Les migrants cubains passent d’un traitement exceptionnel à l’exclusion

Pour la première fois, les immigrants cubains aux États-Unis vivent dans la peur des raids de l’ICE dans les rues de Miami et de la déportation, alors que l’administration Trump met fin aux privilèges exceptionnels dont ils bénéficiaient autrefois.

Selon les dernières données du Bureau du recensement des États-Unis, près de 2,5 millions de personnes d’origine cubaine vivent aux États-Unis, représentant environ 80 % de ceux qui ont émigré de Cuba et de leurs descendants. Environ 1,8 million, soit 72 %, sont nés à Cuba, confirmant une augmentation significative par rapport à environ 50 % en 2020. Durant le biennium 2022-2023, quelque 625 000 Cubains ont été traités par les douanes et la protection des frontières des États-Unis (CBP), se présentant comme demandeurs d’asile et obtenant un statut temporaire, avec la possibilité de demander la résidence permanente après un an en vertu de la Cuban Adjustment Act. Autre 110 000 sont entrés via le programme de libération conditionnelle humanitaire.

L’administration Trump a rejeté la légitimité de ces processus, plaçant les immigrants cubains dans un vide juridique qui pourrait mener à la déportation. Historiquement, les États-Unis ont encouragé l’émigration cubaine pour drainer le capital humain de l’île, introduire de l’instabilité sociale et construire une base contre-révolutionnaire à l’étranger. À Miami, la CIA a établi sa plus grande station pour faire la guerre à Cuba, accordant des privilèges aux exilés qui se sont intégrés à la politique et à l’économie locales, bien que certains soient liés au terrorisme et au trafic de drogue.

Désormais, avec une stratégie modifiée envers Cuba visant à limiter la migration pour accentuer les tensions internes, et au milieu de la philosophie xénophobe du trumpisme, ces privilèges s’érodent.
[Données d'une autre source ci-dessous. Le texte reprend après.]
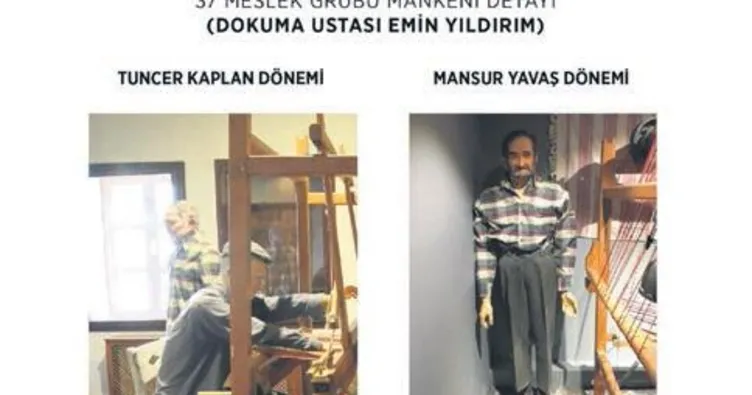 Bu bebekler zaten vardı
La secrétaire à la Sécurité intérieure Kristi Noem a assimilé les immigrants à des « tueurs, sangsues et junkies de l’assistanat ». Les portes de l’émigration cubaine sont fermées ; même les visiteurs ne sont pas acceptés. Les processus de résidence sont au point mort, et un « examen approfondi » des cas antérieurs a été annoncé.

Récemment, selon The New York Times, l’administration Trump a transféré 22 immigrants cubains à la base navale américaine de Guantánamo Bay – la première depuis le retour de Trump au pouvoir dans sa campagne de déportations massives. L’ICE a détenu plus de 700 immigrants là-bas cette année. Les permis de travail sont annulés, et les comptes bancaires peuvent être saisis sans statut d’immigration prouvé.

Cette atmosphère d’insécurité pourrait influencer le comportement politique de la communauté cubano-américaine, qui a massivement soutenu Trump. Bien que des changements majeurs soient improbables, l’élection d’Eileen Higgins comme maire de Miami – la première femme, démocrates et non cubano-américaine en 30 ans – signale un changement potentiel. Pour Cuba, la réduction des flux migratoires accentue les tensions internes mais aide l’économie et la démographie, nécessitant une révision des politiques pour engager les Cubains de l’étranger.